DIRECTIONS FOR THIS TASK
Take the lines from the head of the listing through the one bearing "So a little" and copy them exactly, leaving every picture out.
[Start of Attachment]
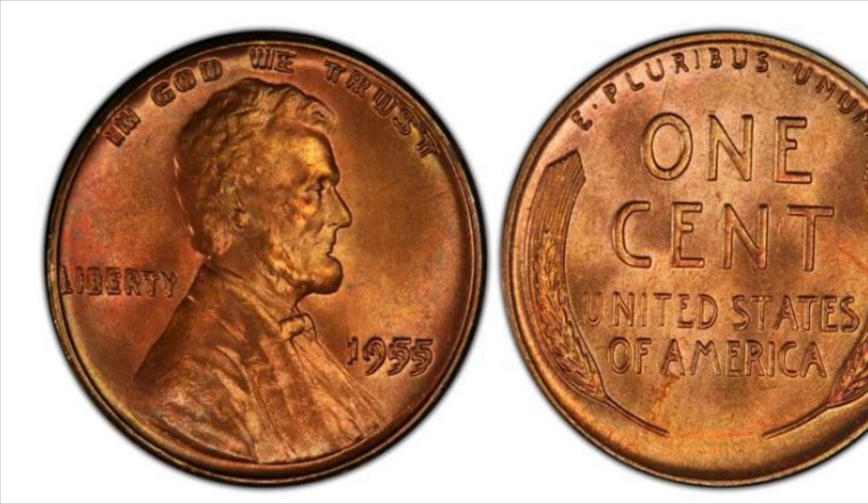The final coin I will talk about is the 1955 Double Die Obverse. This coin has an estimated mintage of between 3,000 to 4,000 coins. In average condition this coin is worth about $700 to $800.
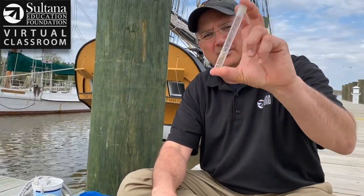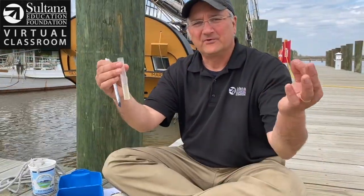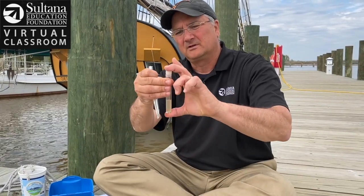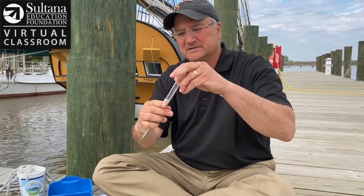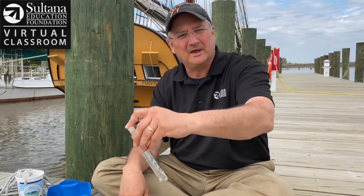These tablets will turn the water a shade of pink. My first tablet has dissolved, now I put a second tablet in the vial, close it up, and put it in this sleeve. I'm going to shake it up and let this sit for about five minutes and we'll see what color we get when it emerges.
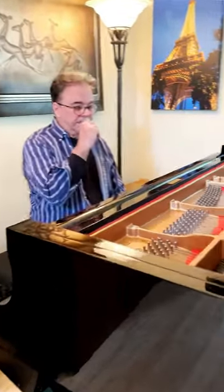So a little back story about this particular piano. This is the piano that I've used on all my recordings.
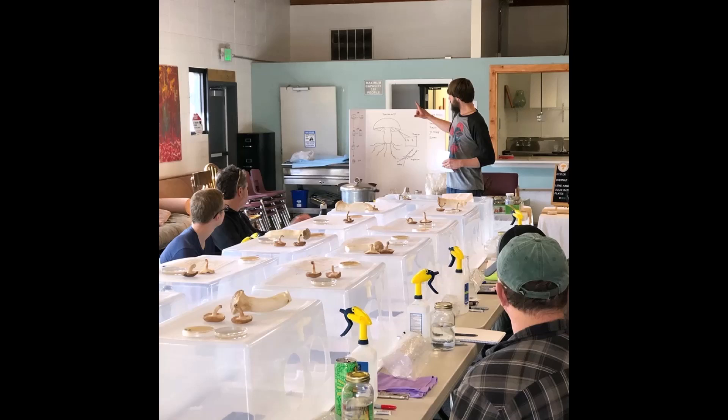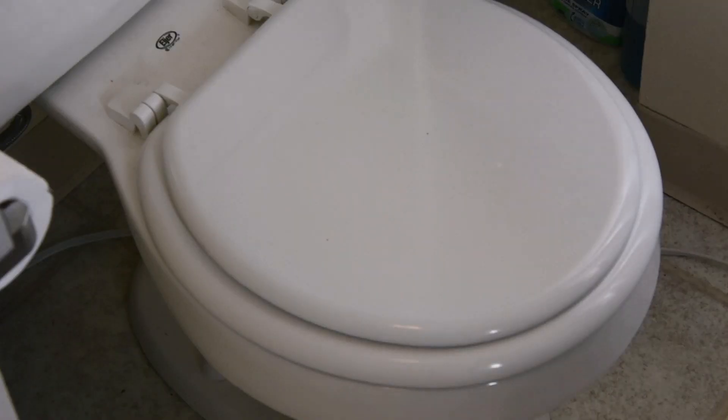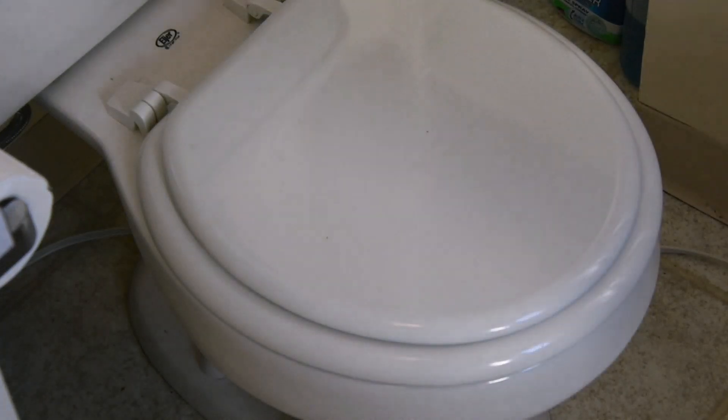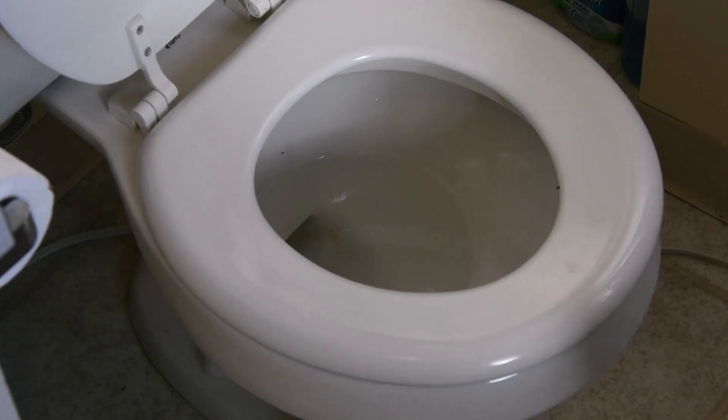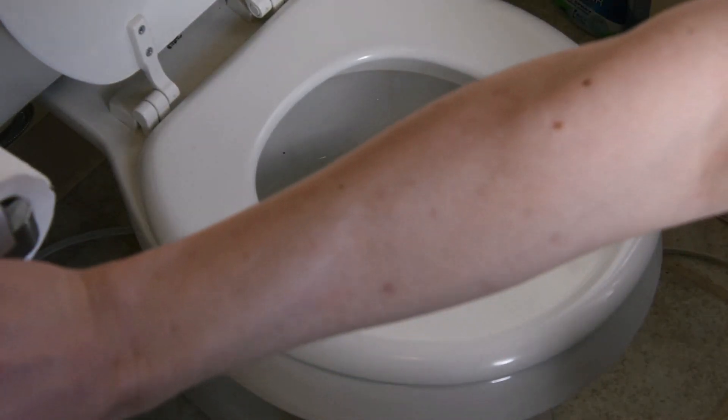So let's get started. I'll do my best to point out technical errors, but please leave comments pointing out errors I missed. What do we have here? This looks like my neighbor's bathroom. Wait a second, what's going on here? Oh man, this hasn't been cleaned in a while.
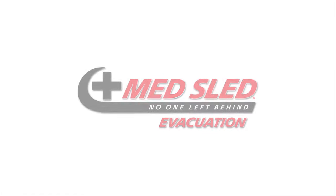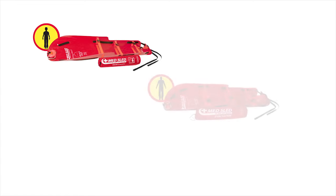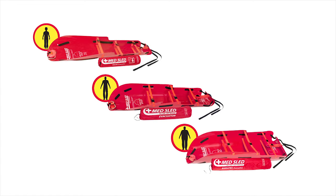It is important to understand that our evacuation sleds are available in three sizes. We offer a youth sled, a standard sled, and a bariatric sled. Prior to reviewing the differences of our three sleds, let's take a moment to review the standard features of our evacuation sleds.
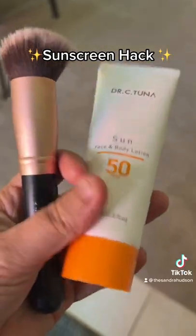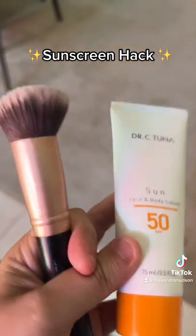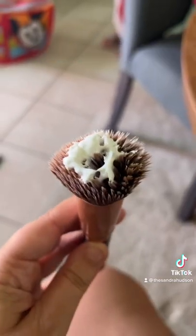This is my favorite mom hack for summer. You're going to get your favorite sunscreen and a flat top kabuki style brush, apply to the brush, and then put it all over your kid's face.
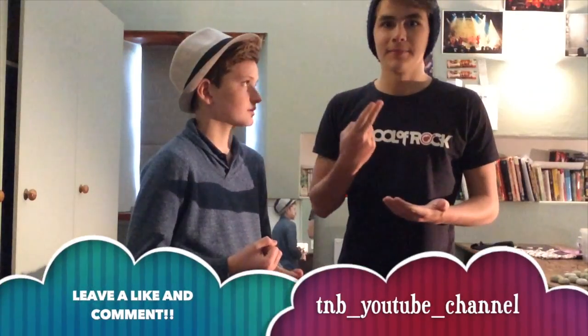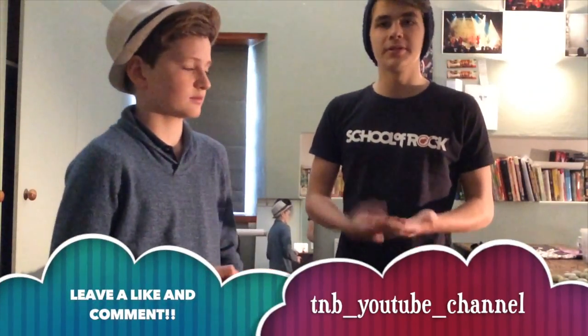Our Instagram account is — no caps — TNB underscore YouTube underscore channel. Go check it out, leave a like, leave a comment, and ask us anything you want, so we can answer it in maybe a future Q&A.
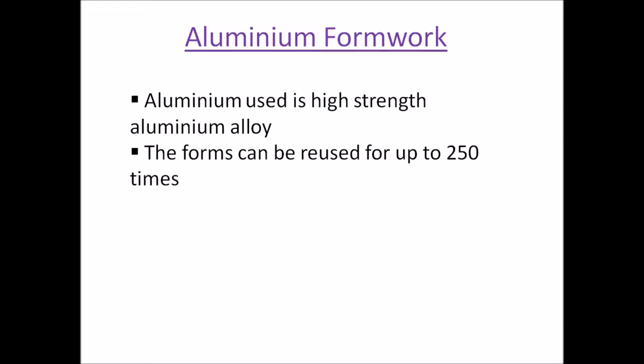The forms can be reused for up to 250 times. This is one of the big advantages of using aluminum formwork — the repetitive use of the forms. The repetitive use makes aluminum formwork economical and you can produce mass-scale buildings or housing by using these forms.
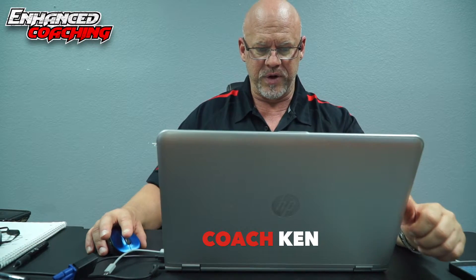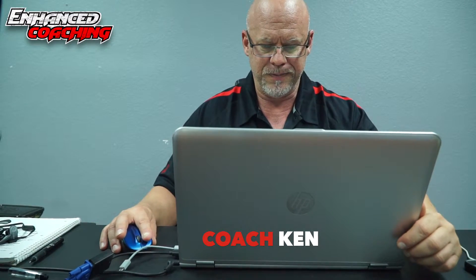Hi, Coach Ken with Enhanced Coaching here for another Q&A session. A lot of emails came in today, a lot of people asking about coaching.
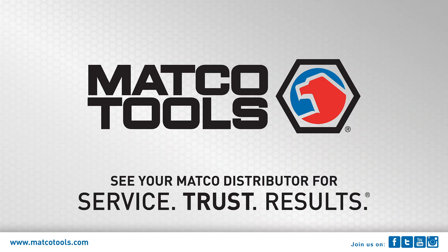Thanks for watching! For more information, please visit Matcotools.com.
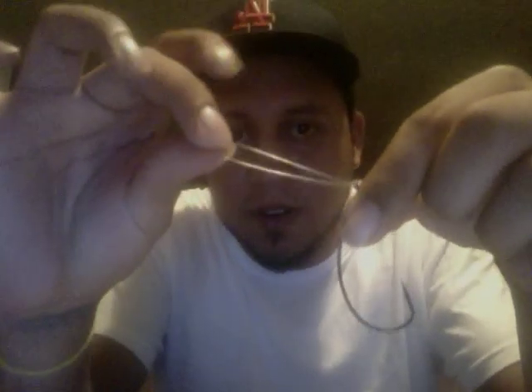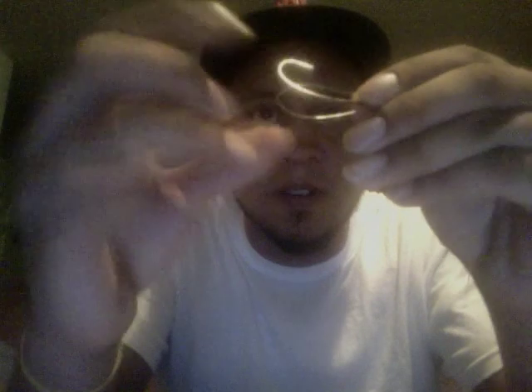And what you want to do is lubricate it a little bit. You can see the little hole right here — just pretty much feed the hook through the hole. Pull it and tag in.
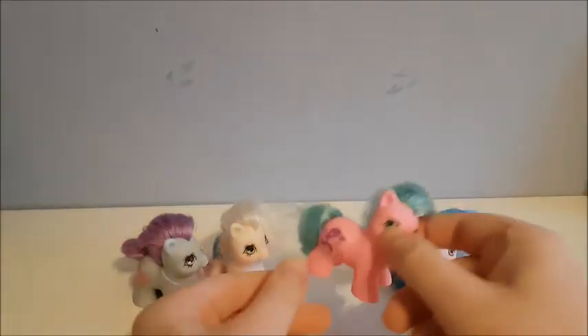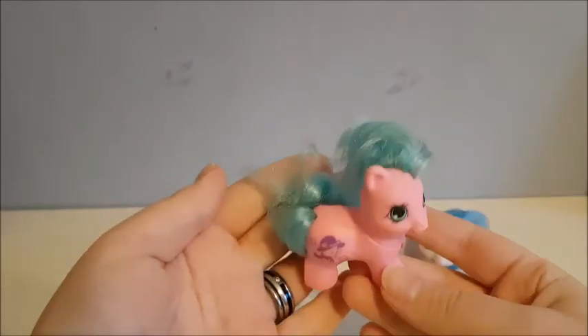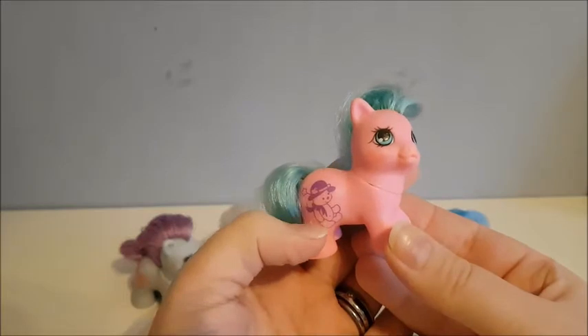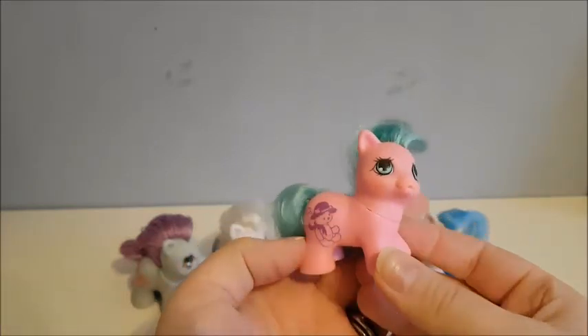So this pink one — she has a pink body and kind of like aqua green hair. And this little cute teddy bear and hat mark, or symbol. And this is Tabby.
[End of Attachment]
SOLUTION
The final coin I will talk about is the 1955 Double Die Obverse. This coin has an estimated mintage of between 3,000 to 4,000 coins. In average condition this coin is worth about $700 to $800.
These tablets will turn the water a shade of pink. My first tablet has dissolved, now I put a second tablet in the vial, close it up, and put it in this sleeve. I'm going to shake it up and let this sit for about five minutes and we'll see what color we get when it emerges.
So a little back story about this particular piano. This is the piano that I've used on all my recordings.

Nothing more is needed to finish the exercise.